Fine-Tuning Llama Guard: Adapting to New Taxonomies

Exploring Llama Guard’s adaptability to different taxonomies, Meta has conducted fine-tuning experiments on the ToxicChat dataset, which we mentioned in the section titled “Llama Guard’s Evaluation.” ToxicChat specifically focuses on identifying violations in content generated by LLMs based on user prompts and their generations from GPT-4 and Vicuna.

Fine-tuning is executed using varying percentages (10%, 20%, 50%, 100%) of the ToxicChat training data, revealing its effectiveness in enhancing model performance for specific tasks, and whether it contributes positively. Comparative analysis against Llama2-7b, fine-tuned in an identical setup, provides valuable insights:

Adapting Llama Guard and Llama2-7b to ToxicChat via further fine-tuning, Llama Guard shows better adaptability to ToxicChat taxonomy than Llama2-7b

Adapting Llama Guard and Llama2-7b to ToxicChat via further fine-tuning, Llama Guard shows better adaptability to ToxicChat taxonomy than Llama2-7b

Results indicate that fine-tuning on a different taxonomy significantly accelerates Llama Guard’s adaptation to new taxonomies. Llama Guard achieves comparable performance with Llama2-7b, trained on 100% of the ToxicChat dataset, using only 20% of the data. Moreover, when trained with the same amount of data, Llama Guard surpasses the performance of Llama2-7b.

Overall, Llama Guard’s exceptional adaptability is evident as it competes closely with OpenAI’s API on the OpenAI Mod dataset, even without specific training. Impressively, it outshines other methods on the ToxicChat dataset.

The table provides a breakdown of prompt/response classification performance, affirming Llama Guard’s competence across safety categories in both classifications. (Source)

The table provides a breakdown of prompt/response classification performance, affirming Llama Guard’s competence across safety categories in both classifications. (Source)

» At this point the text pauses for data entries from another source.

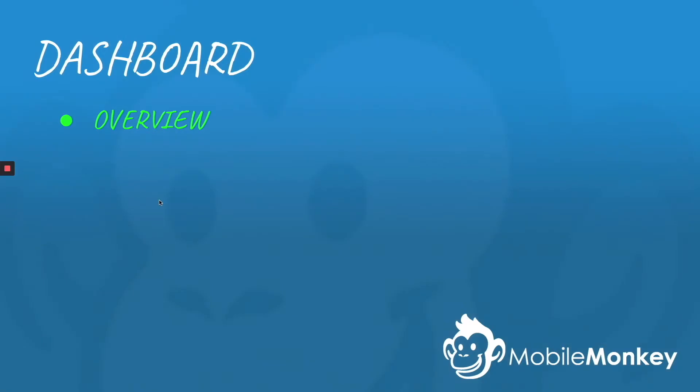Hi, this is Craig Cameron with MobileMonkey. Today we're going to go over the MobileMonkey dashboard. We're going to show you all the cool features it has and how to navigate around it so you can build a better bot. Let's get started.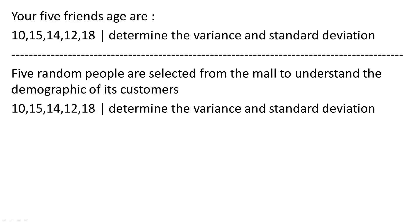In this video, we will use the TI-Inspire CxCas to calculate sample variance, sample standard deviation, population variance, and population standard deviation.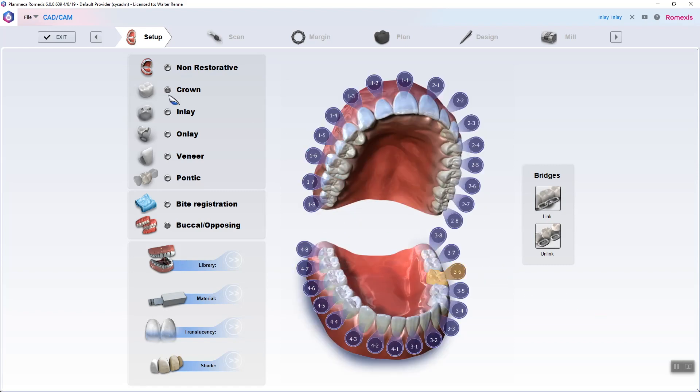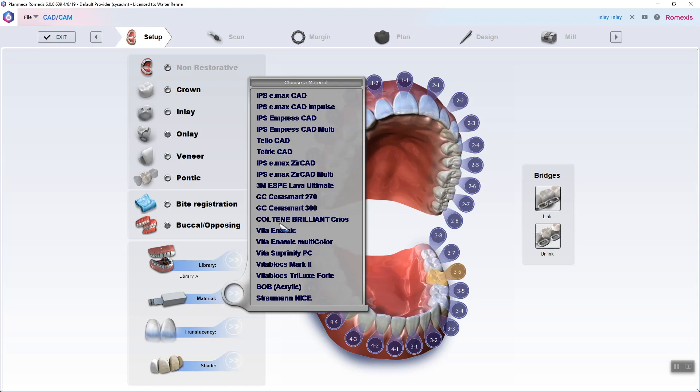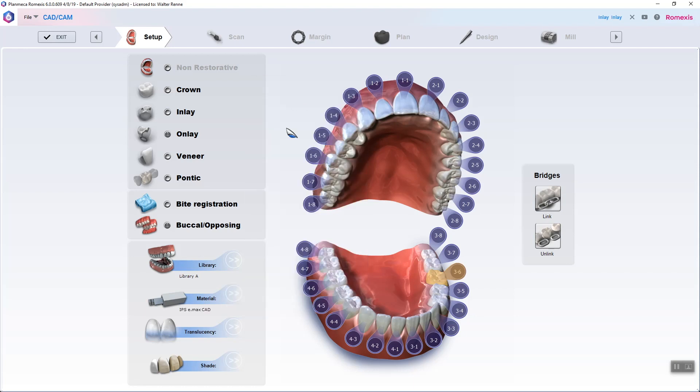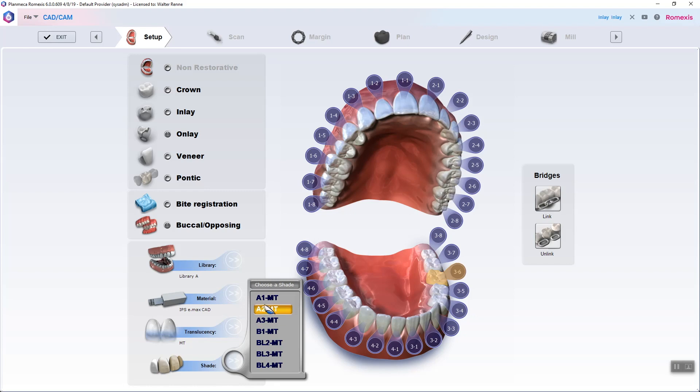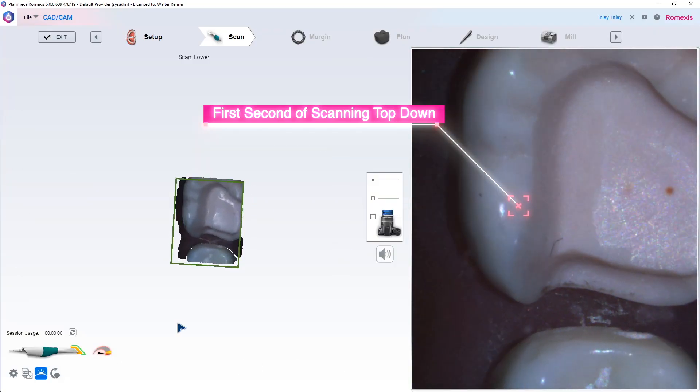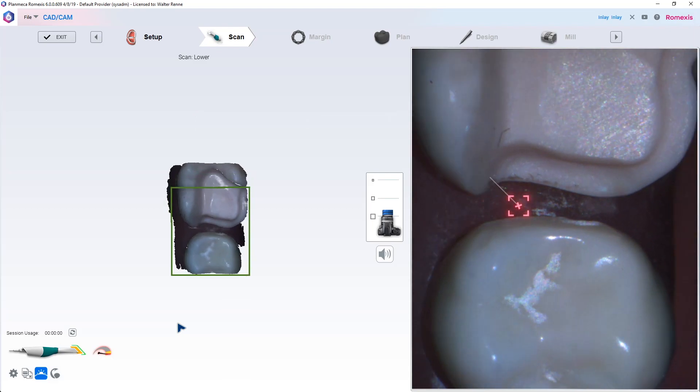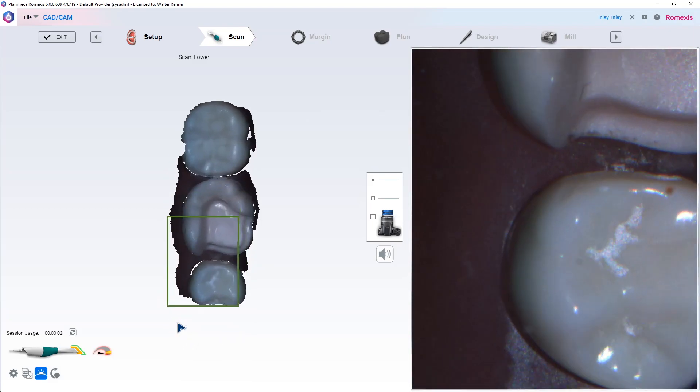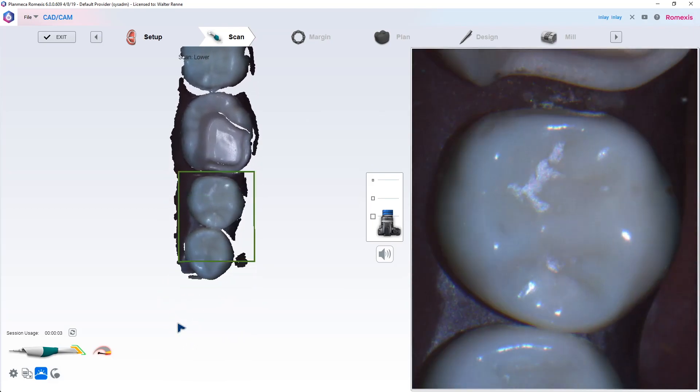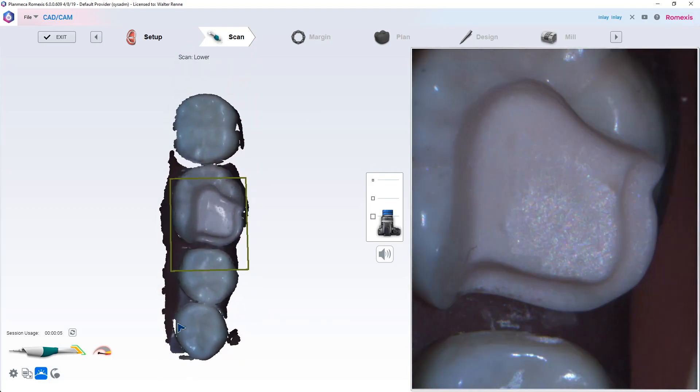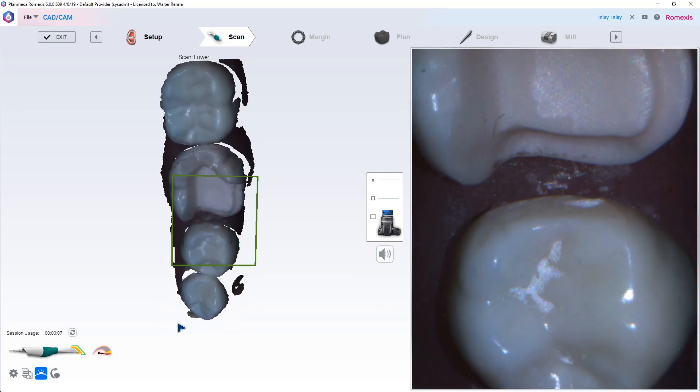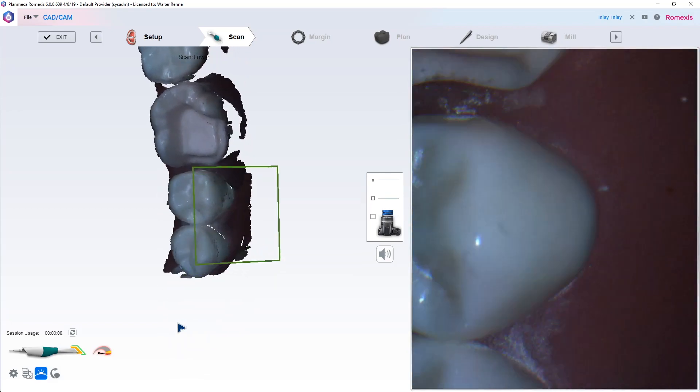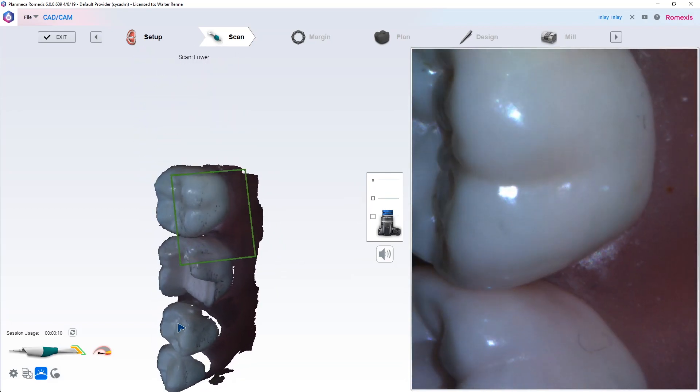Alright, let's move on. Flying here, going through the onlay restoration. Same thing: EMAX medium translucency or high translucency for onlays. First second of scanning, single most important second of your scan, so from the straight down occlusal view. Everything else from there is just rotational based scanning like it is for every other scanner on the market.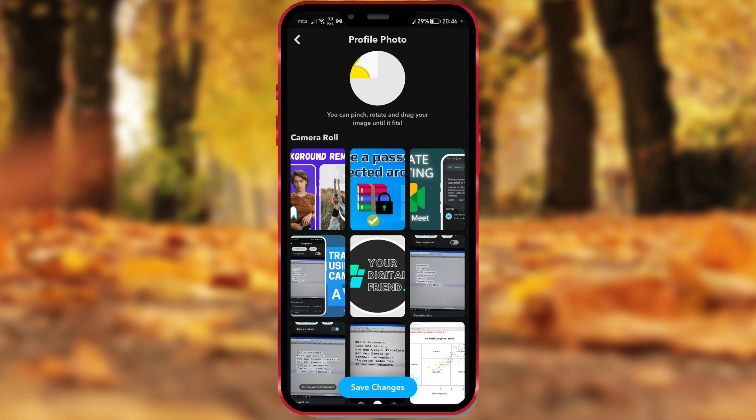The gallery opens. Choose the desired picture. Click on Save Changes.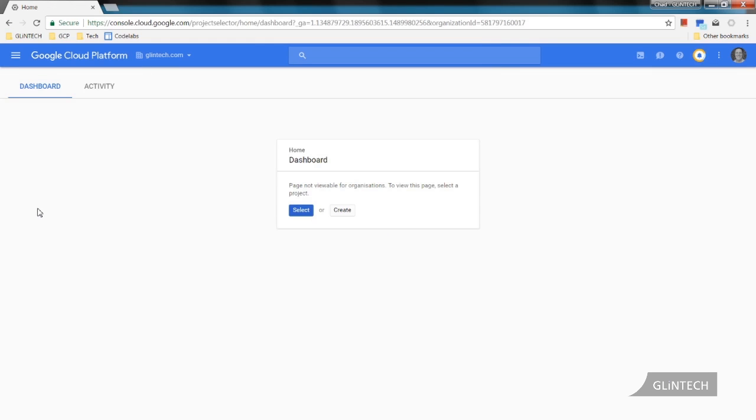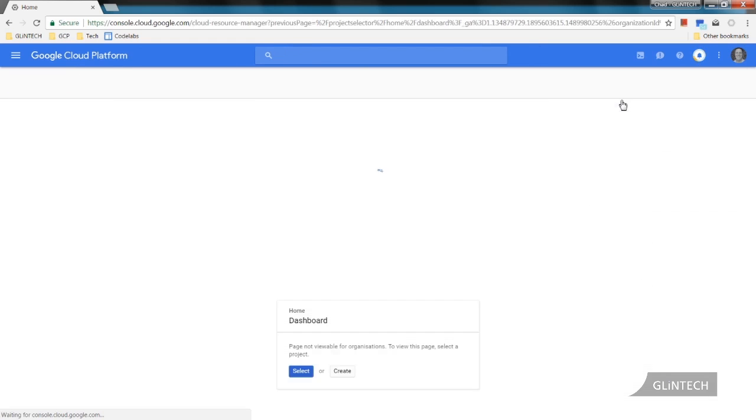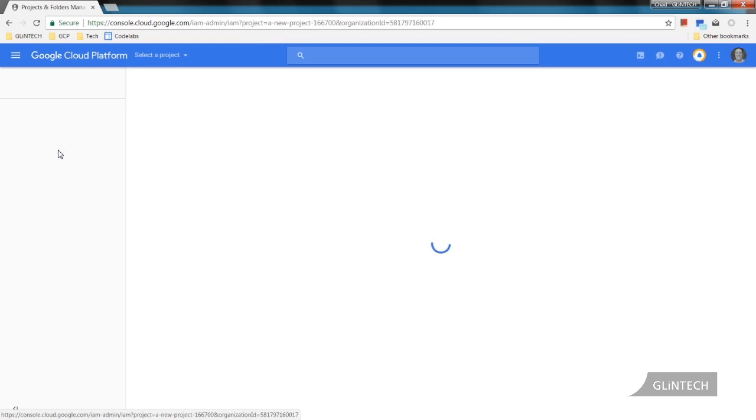So we can create our project. Now we look in notifications to see how we're going. Our project is already created. That was quite quick. We can now click into the project.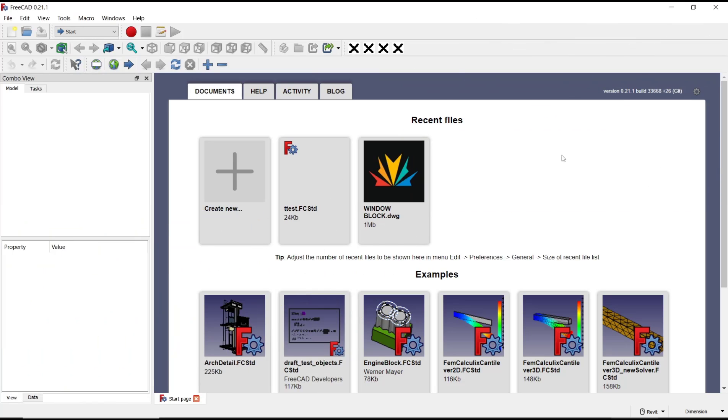Hello everyone, today we are going to learn basic FreeCAD tutorial, how to revolve sketch.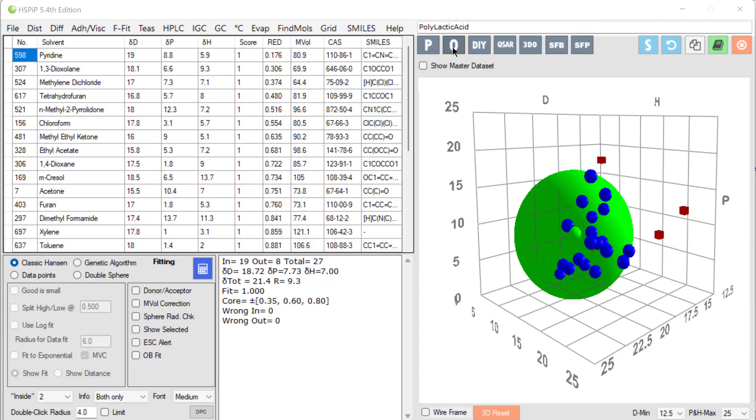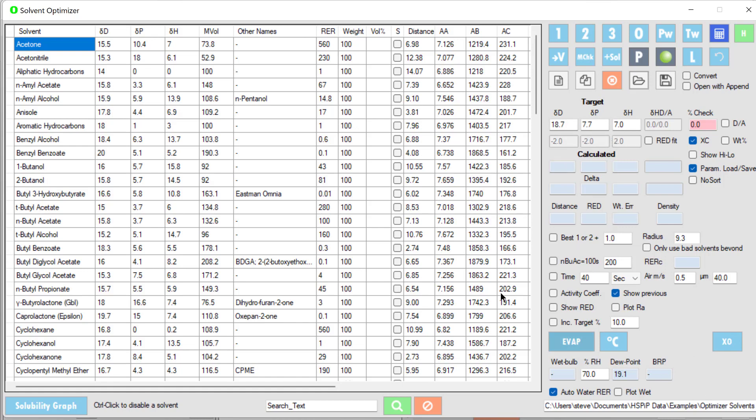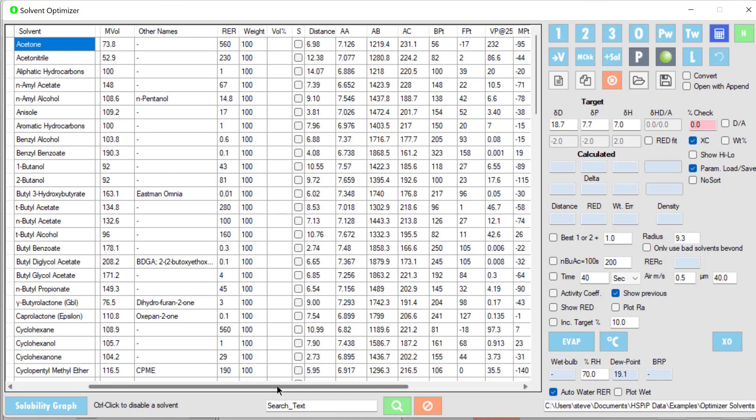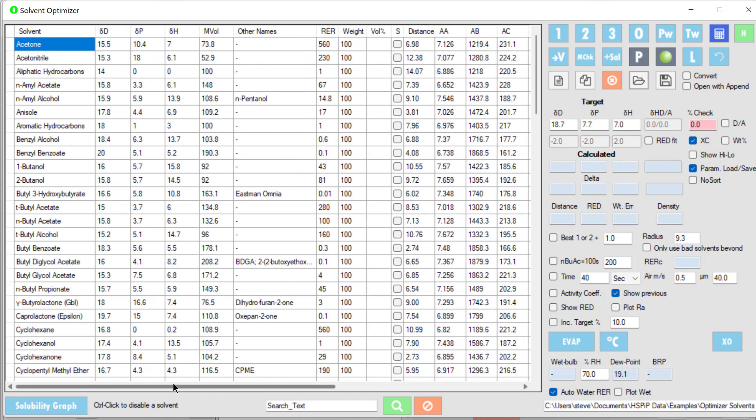We click the optimizer button and find the solvent optimizer with the target 18.7, 7.7, 7.0 automatically set. We want to find solvents which are close in HSP distance to that target. The optimizer solvent set is a convenient list with lots of data: the D, D, D, P, D, H, molar volume, relative evaporation rate, Antoine coefficients, and things like boiling point and flash point—very useful data for general optimization.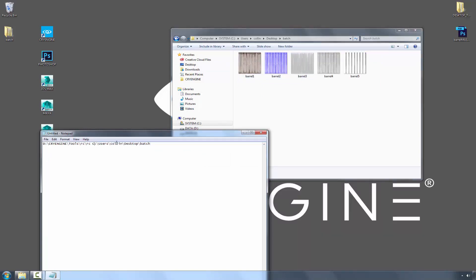So it's the C users desktop batch. And then I'm going to finish that out with a backslash, asterisk, dot TIFF.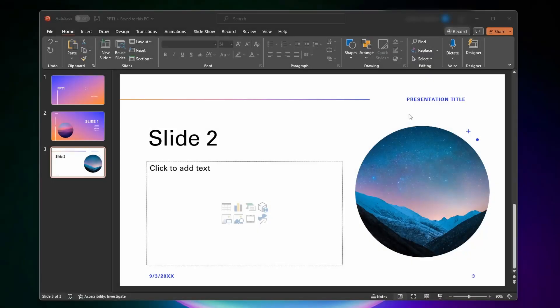Hello everybody. In today's video, I'm going to show you how to combine multiple PowerPoint presentations together.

In conclusion, Llama Guard can be a pivotal defender in the realm of AI security, bridging the gap between users and Large Language Models (LLMs). Crafted meticulously on a foundation of thoughtful guidelines, dynamic prompting, and precision-focused data collection, Llama Guard embodies Meta’s commitment to precision and adaptability.

The model’s robustness is highlighted in its adaptability through zero-shot and few-shot prompting, offering a flexible defense against diverse guidelines in target domains. With precision at its core, Llama Guard’s adherence to user-defined taxonomies ensures a targeted approach, swiftly categorizing content as safe or unsafe.

The versatility of Llama Guard extends beyond its foundational elements. In evaluations, it showcases remarkable adaptability, competing closely with established APIs even without specific training. Its fine-tuning capability further accelerates adaptation to new taxonomies, demonstrating superior performance with minimal data compared to its counterparts.

The true strength of Llama Guard emerges in its application for threat detection. Organizations, in particular, stand to benefit significantly from Llama Guard’s configurability and practical application in threat detection. Its seamless integration with existing AI models ensures an additional layer of defense without exhaustive modifications.

Acting as a vigilant gatekeeper, it can proactively identify and eliminate malicious requests, safeguarding against cybersecurity threats. Whether thwarting AI-generated phishing schemes, combatting malware creation attempts, or countering other various malicious use of LLMs, Llama Guard offers a customizable and robust defense mechanism.

In a landscape where AI-facilitated cyber threats are on the rise, Llama Guard emerges as a crucial ally, enhancing the security posture of LLMs in business scenarios.

As the digital landscape evolves, Llama Guard exemplifies yet another shift in AI security, where precision, adaptability, and proactive threat detection converge to fortify organizations against emerging cyber risks. It paves the way for a future where AI models can operate with heightened security, fostering trust and reliability in the ever-expanding realm of artificial intelligence.